Still, that credit must only extend so far. What I would charitably say about Breathe is that it takes (what I assume to be) a small budget and fairly spreads it out across key sets, and smartly doesn’t waste shots on effects that can’t passably be rendered to get a point across. And though it’s not exactly a novel premise – a home invasion story set in a post-apocalypse-y setting has been spun up in various sci-fi / horror tales before – there are some tweaks to the concept which suggest maybe what people saw in the script to have put it on a 2019 black list (here’s where wiki links to for that citation).
…But both of those “credits” feel like I’m stretching, because there are a lot of caveats. That a fair amount of quality actors were gathered, and that neither the by-the-books home invasion story or the tweaks added to the story, merit any moments of tension is maybe all you need to know. “Breathe” is one of those movies that’s not exactly bad, but it also never meets or exceeds a kind of baseline – the one where we ask a movie to entertain us.
At some point in the not distant future – and actually, we get a sorta date on that point, but I’ll circle back around to that in the moment – the planet has nearly zeroed out on its oxygen supply. We focus on a mother (Jennifer Hudson), father (Common) and daughter (Quvenzhané Wallis) family who have managed to shore up a bunker for survival, thanks to super botanist mom – maintaining some plant life – and super scientist dad, who’s got some kind of oxygen generator going. Events require dad to go on a journey, so he straps on his O2 tank, and a helpful voiceover from daughter lets us know that’s the last we’ll ever see of him.
(Such comments can either build tension for events to come, or act as a kind of lazy narrative shorthand to get us through a prologue. Based on my previous comments, I’ll let you suppose which this is.)
Flash forward to mother and daughter surviving, when some Mad Max types – played by Milla Jovovich and Sam Worthington – come knocking at their super secure no-one’s-getting-through-here door, with the duo alternating between a story about needing to replicate the family’s oxygen generator for their own encampment, and also making threatening, open-ended statements while wielding bats and guns.

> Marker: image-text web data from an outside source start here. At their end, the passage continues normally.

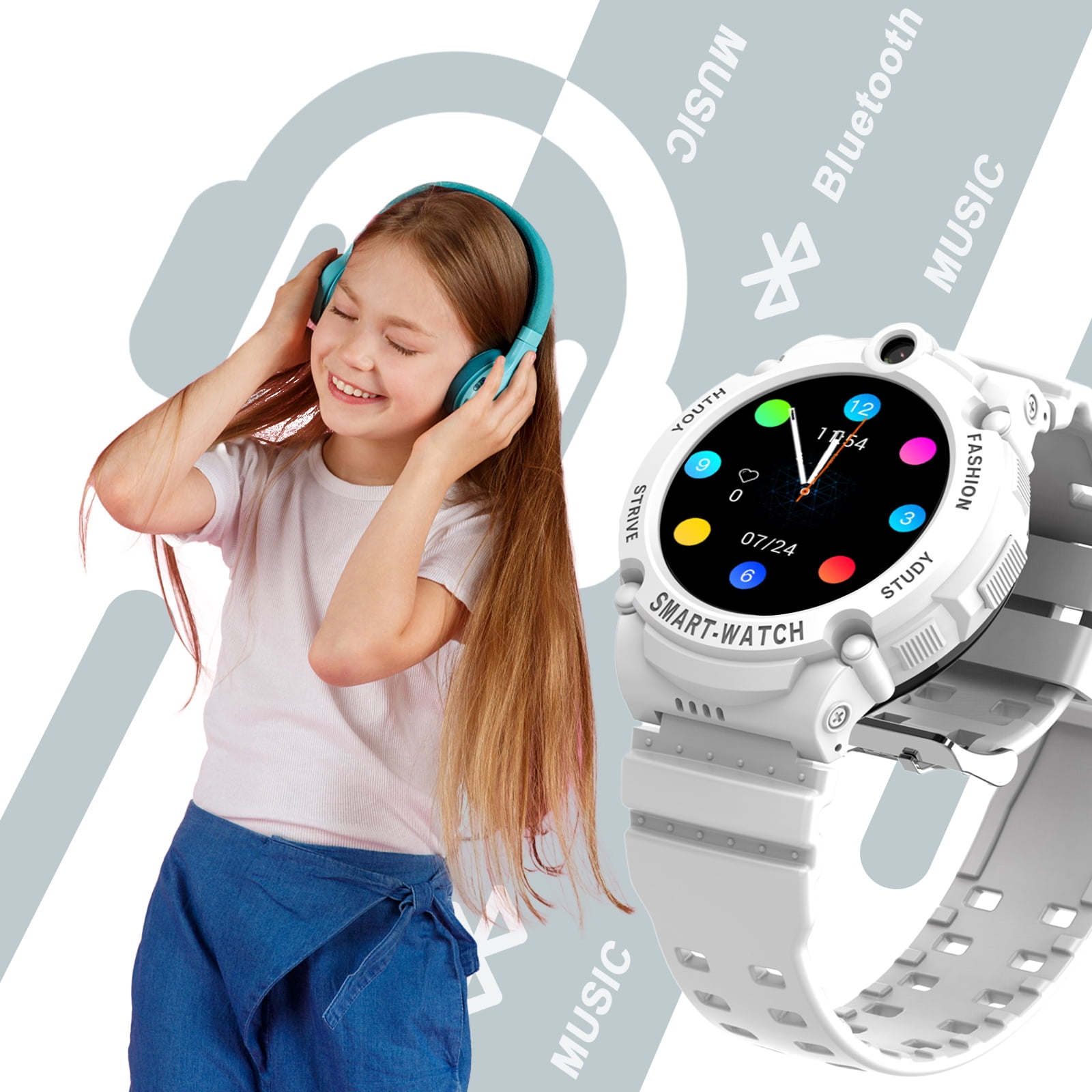 PTHTECHUS S02 Smart Watch for Boys Girls Smartwatch for Kids with 4G SIM GPS Video Call Pedometer MP3 Flashlights Calculator Alarm Clock Children Holiday Gift White - Image 2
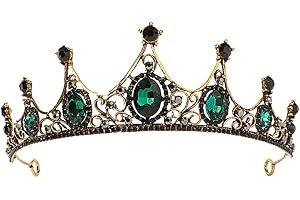 Black Baroque Crown,Crystal Crown New Wedding Tiara with Rhinestones Bridal Tiara Headband Gothic Style Headwear for Dance Party Wedding Festival Irthday Party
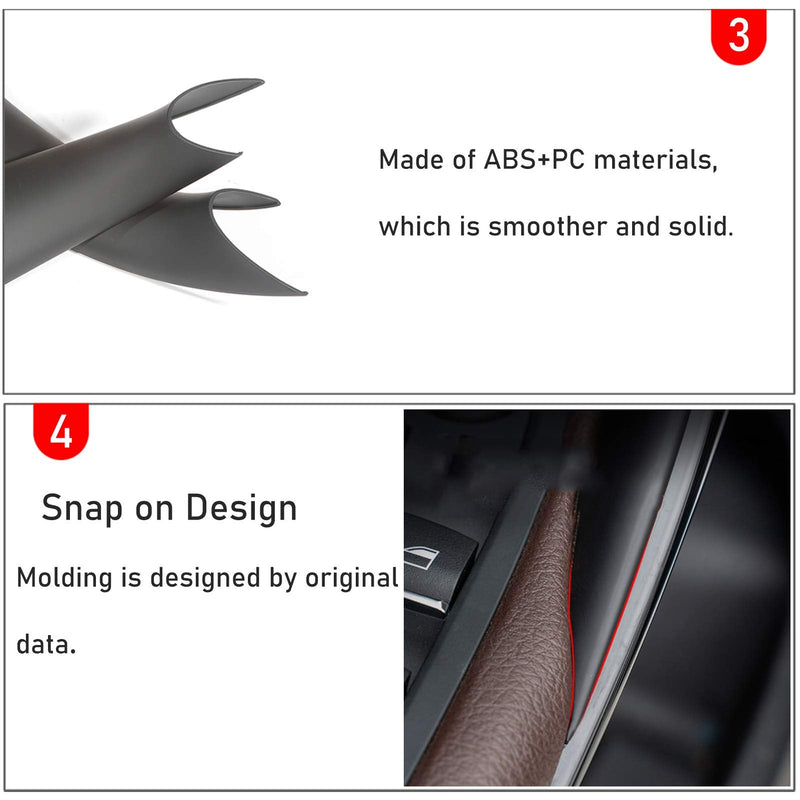 Jaronx 2PCS Door Handle Covers Compatible with BMW 3 Series 4 Series Driver Side &Passenger Side Door Pull Handle Covers (Compatible with BMW 320i,328i,330i,335i F30/F31 and 428i, 435i F32/F36)(Black) Black Left Front+Right Front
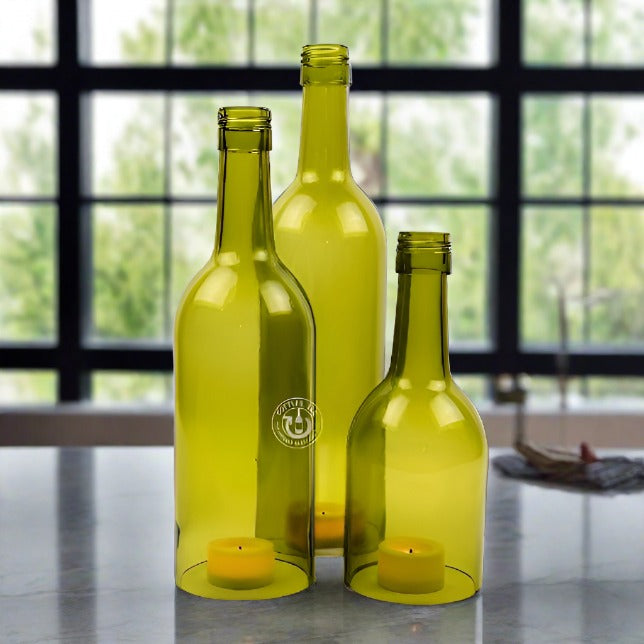 Wine Bottle Candle Cover Set - Bordeaux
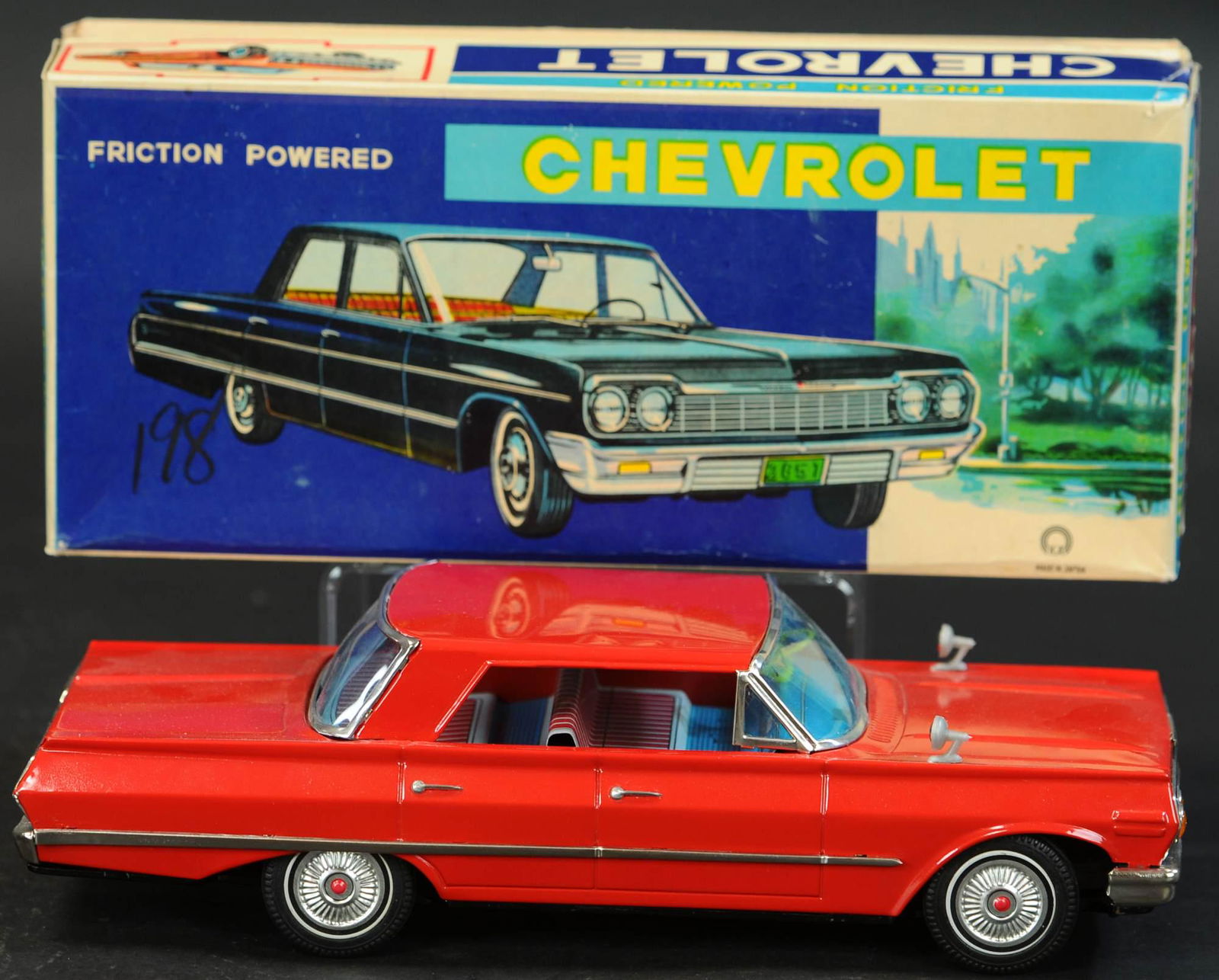BOXED K.A. JAPAN FRICTION CHEVROLET: 1. BOXED K.A. JAPAN FRICTION CHEVROLET | 13" l. | Old store stock, (Near Mint Cond.) | $700 - $1,000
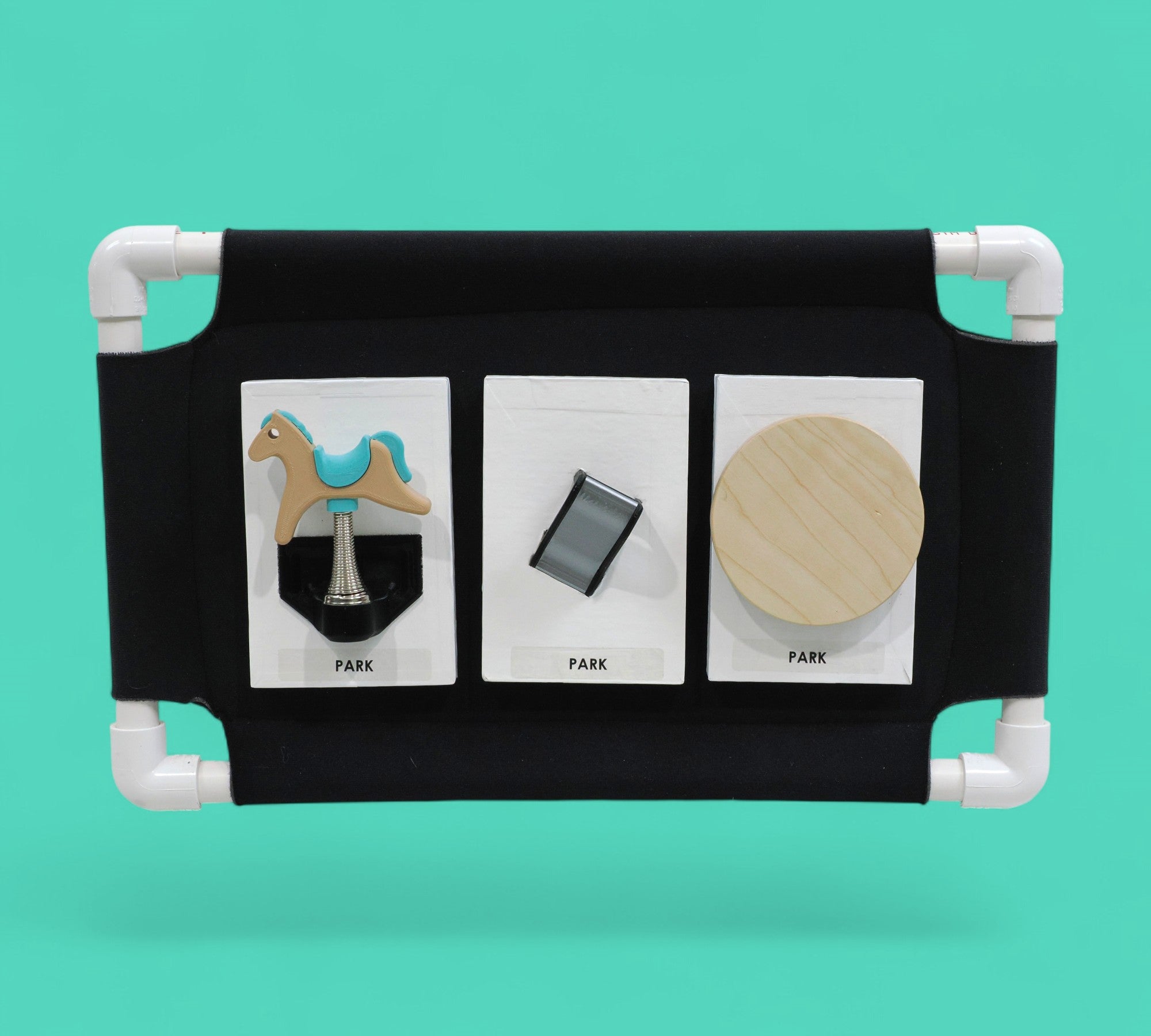 The Wall board tactile accessory covered with navy blue or black Veltex material with PVC lining.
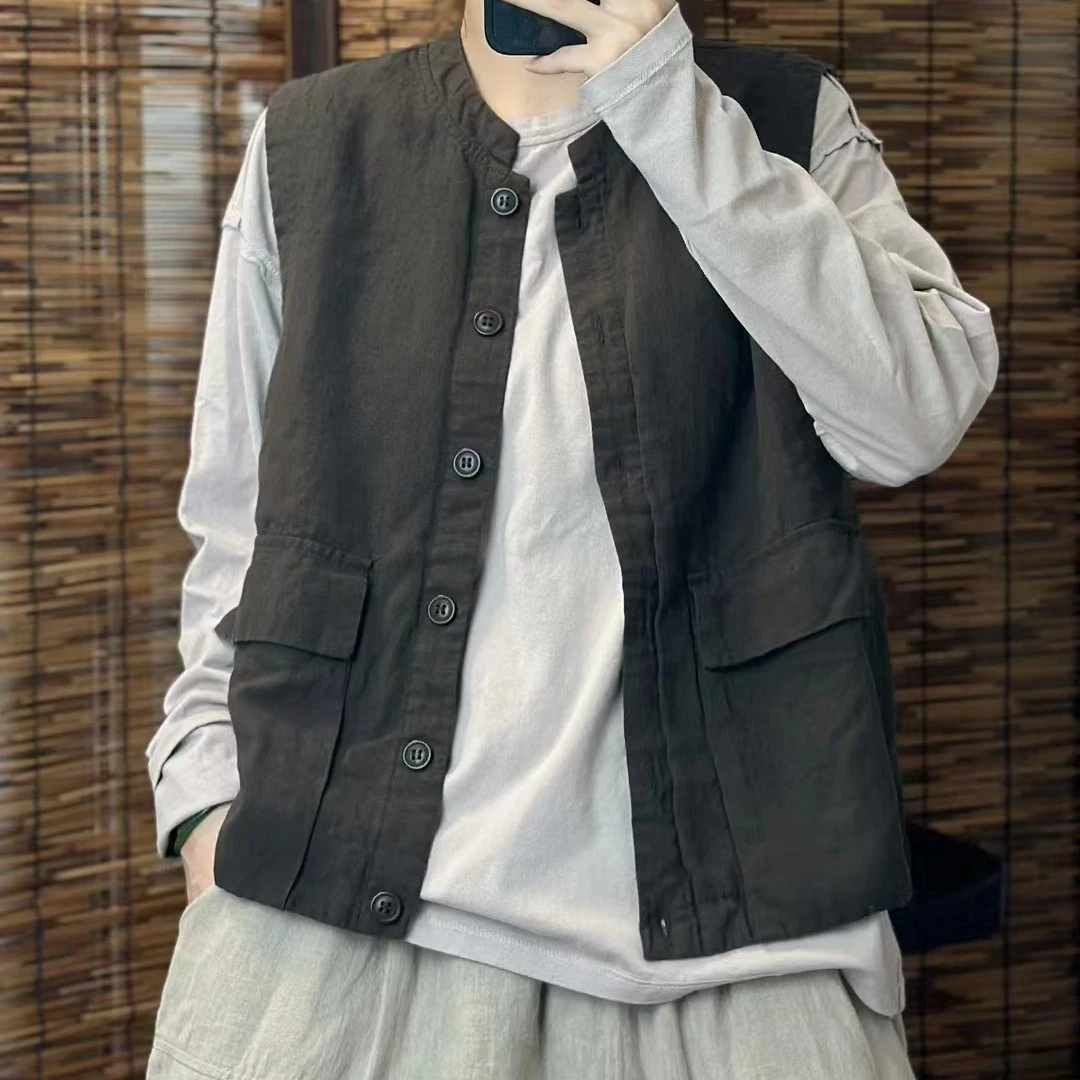 宽松显瘦百搭亚麻双层马夹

The bulk of the story is the “escalating” standoff between mother and daughter and this duo. But yeah, I put that in quotes because the script never sells any of this. The family are all vague sketches of characters, and the film relies on some cheesy flashback tropes to drum up some tears, which wholly suggest that the entire world went to shit within the time of the (15 year old?) daughter’s life – the flashbacks feature the whole family, and the world is okey-dokey – which, I’m not a scientist, maybe isn’t impossible, but ends up feeling like an editing flub that they just shrugged and left in. Perhaps with some more conversation on what happened it could be dumb justified, but the story is just not interested in going there. …Now apply this approach to everything: apply it to Milla’s and Sam’s “backstory;” apply it to the bond between mother and daughter, which is sitcom-level shallow; and apply it to the direction of all of these actors, who – Worthington included – can be competent at minimum, and sometimes great, and it often sounds like we’re at a table read, trying out a tone for each line. Sometimes actors are in much more serious versions of this; sometimes they’re in quippy versions of it. And I’ll step into tricky territory and poke at what feels like some very out of place moments to remind the viewers that the core family is black, like director Stefon Bristol was worried that anyone who followed him from his Spike Lee produced debut may be disappointed. (I recognize I could be way out over my skis with this comment, but some dialogue along these lines seemed like it was tacked on after the fact.)
Breathe just can’t satisfy on any level. For low budget sci-fi, its premise isn’t deep enough; for a thriller, it’s lacking stakes; and just for a cheapy distraction, the tone and pace never really settle into a groove.